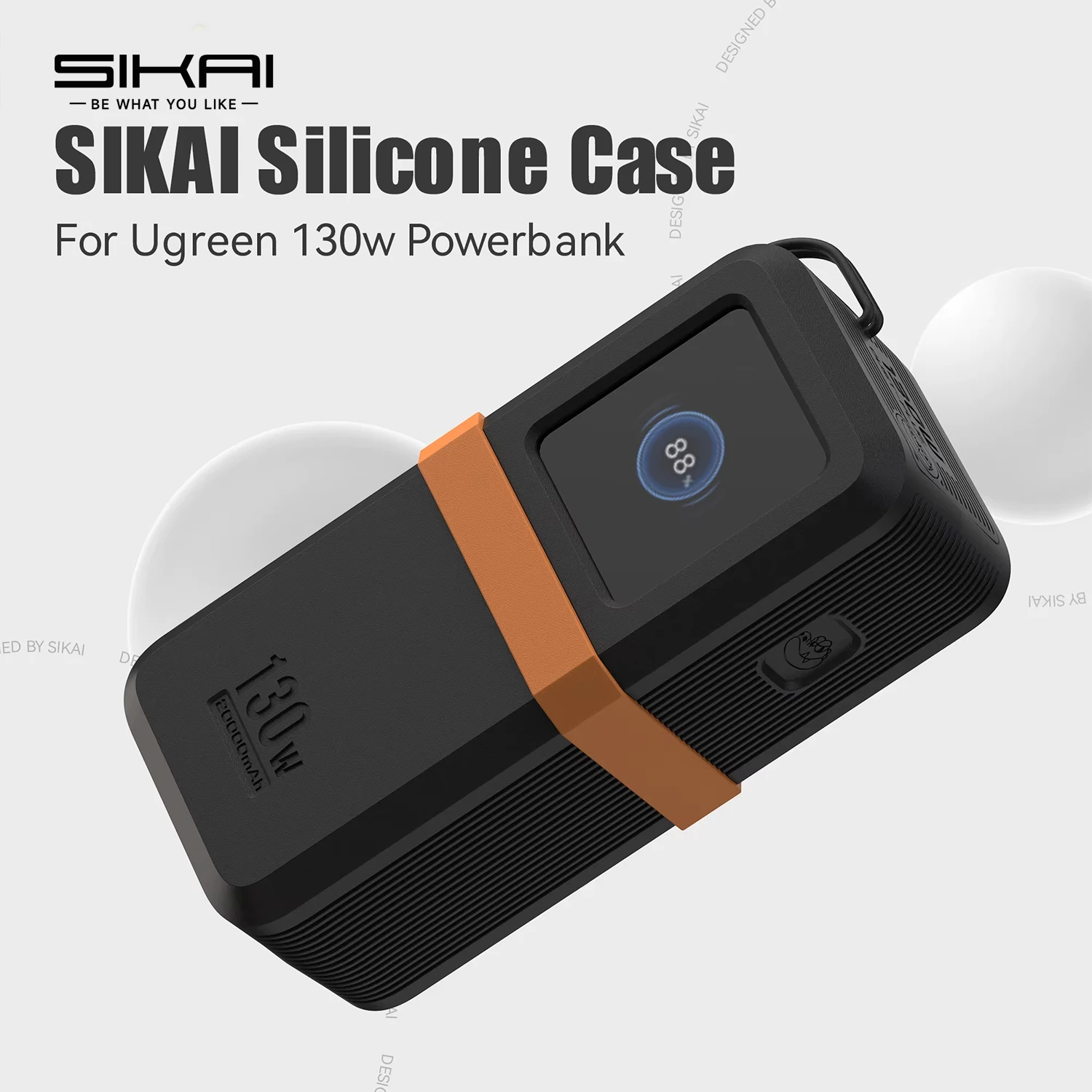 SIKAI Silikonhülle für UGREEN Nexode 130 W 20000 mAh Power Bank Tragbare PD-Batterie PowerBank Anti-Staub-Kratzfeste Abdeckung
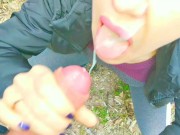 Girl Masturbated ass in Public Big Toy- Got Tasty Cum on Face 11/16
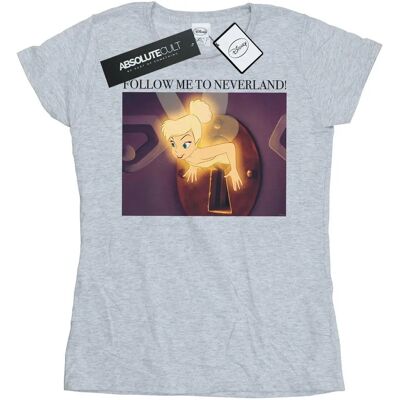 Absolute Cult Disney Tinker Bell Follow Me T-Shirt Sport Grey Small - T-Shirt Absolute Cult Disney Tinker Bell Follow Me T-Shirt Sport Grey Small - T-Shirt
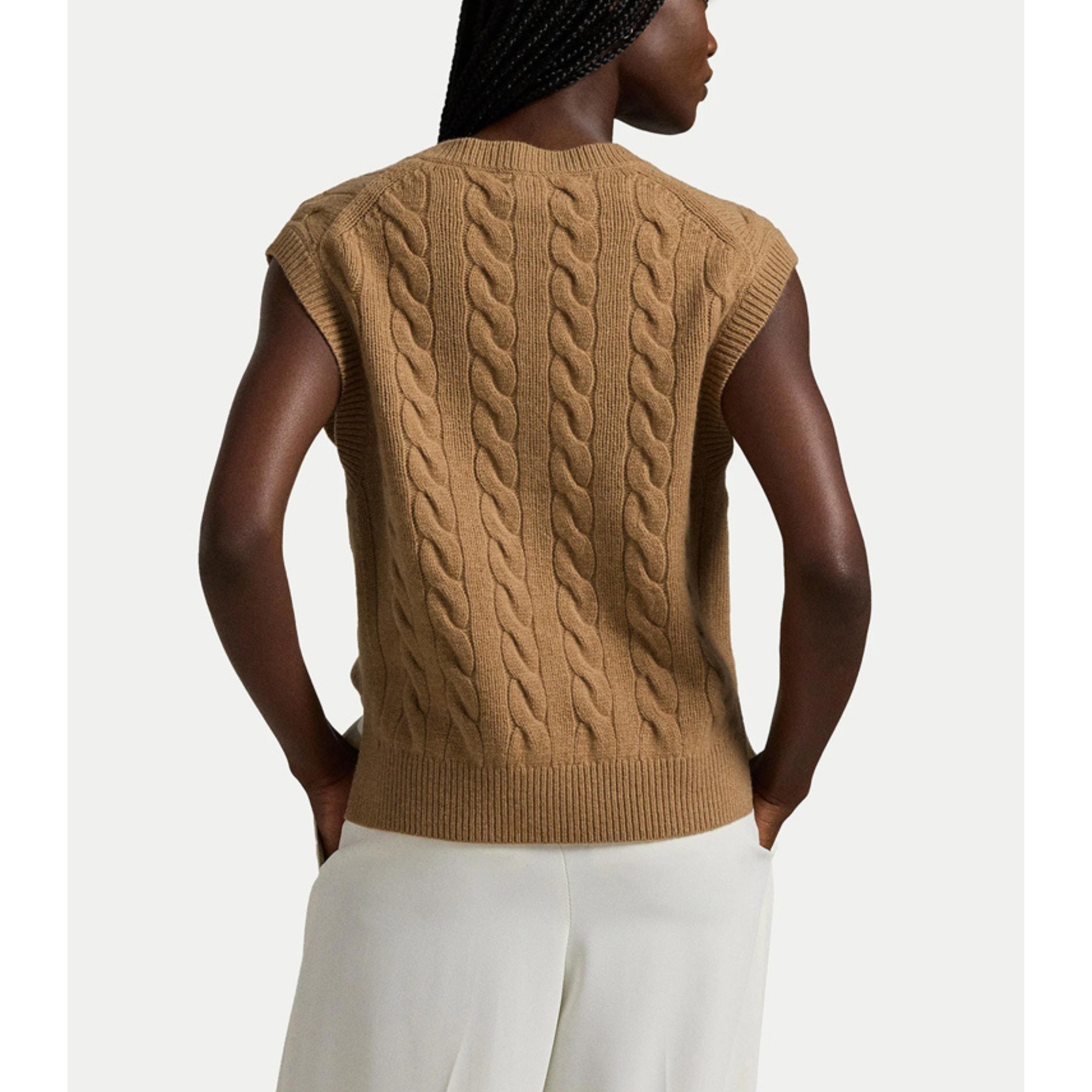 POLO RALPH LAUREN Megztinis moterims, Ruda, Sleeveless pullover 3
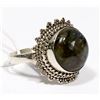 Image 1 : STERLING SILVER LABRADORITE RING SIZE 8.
___
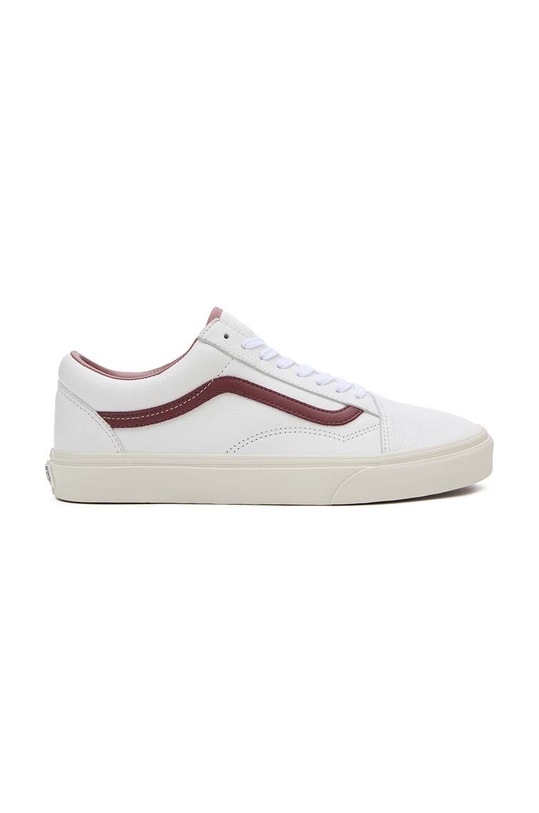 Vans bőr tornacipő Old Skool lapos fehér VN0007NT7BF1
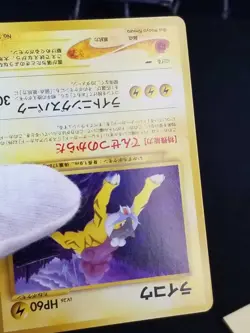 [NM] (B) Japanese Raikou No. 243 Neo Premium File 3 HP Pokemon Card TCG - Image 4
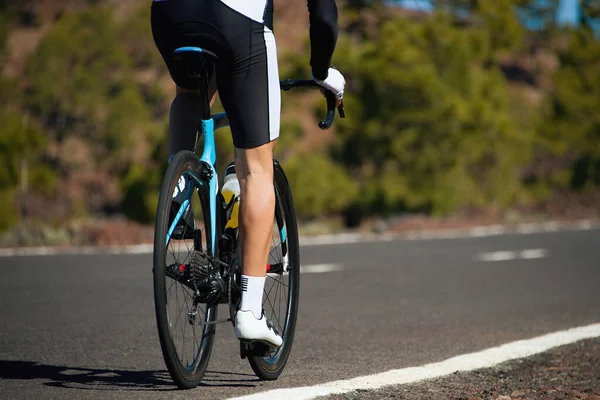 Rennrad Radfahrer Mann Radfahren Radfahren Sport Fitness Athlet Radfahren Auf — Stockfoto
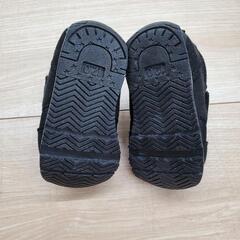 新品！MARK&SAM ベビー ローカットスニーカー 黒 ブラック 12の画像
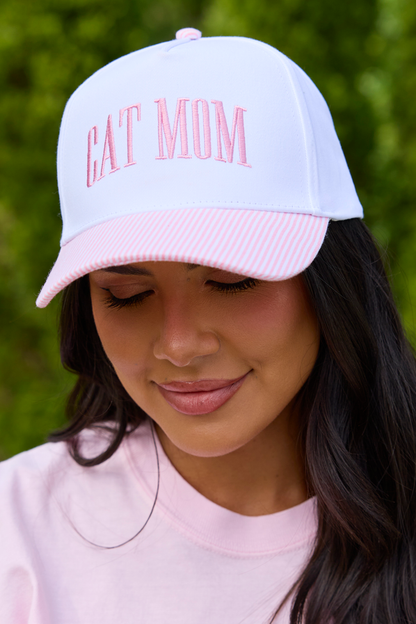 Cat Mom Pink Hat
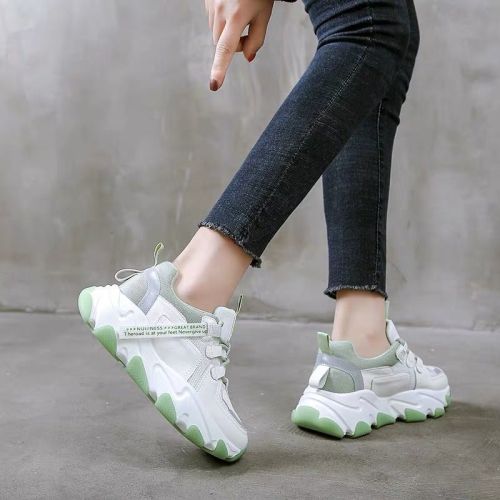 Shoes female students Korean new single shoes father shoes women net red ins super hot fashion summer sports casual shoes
___
_What this task involves_
Keep to the lines above from the line with "Cat Mom Pink Hat" to the line with "Shoes female students", and set down exactly those, inclusive, with nothing else and every picture left out.

_Task output_
 Cat Mom Pink Hat
 Shoes female students Korean new single shoes father shoes women net red ins super hot fashion summer sports casual shoes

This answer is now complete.